I do not think the antecedence and whether a person was or was not, ten years prior to his or her election as a Judicial Council nominee to the Judicial Appointments Commission, and the fact that they were there qua a practising barrister at the time of their appointment or otherwise, makes very much difference. In fact, a former president of the High Court, Joe Finnegan, had spent many years in practice as a solicitor and had been at one stage the secretary of the Law Society. I say that just to show that these distinctions do not matter.

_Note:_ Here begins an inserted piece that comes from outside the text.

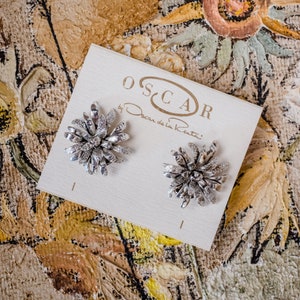 Pendientes Vintage Oscar de la Renta Clip Pendientes Plata Tono Flor - Stock Limitado - Nunca Usado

The point I made earlier is that with the Legal Services Regulation Act, which is now being slowly implemented, we have reached the point where solicitors and barristers can form partnerships together. Therefore, if they can form partnerships it is very difficult to understand in those circumstances why there should be an artificial barrier as to which of them should or should not be capable, in certain circumstances, of being elected by their fellow members of the Judicial Council to represent the Judiciary on the Judicial Appointments Commission. It is ludicrous that somebody after 15 years on the Bench is either qualified or disqualified for nomination by his or her fellow judges on the happenstance that ten or 15 years before, he or she, was at the time of their admission, a barrister or a solicitor, regardless of the fact that they could have spent the majority of their practice life as a member of the other profession.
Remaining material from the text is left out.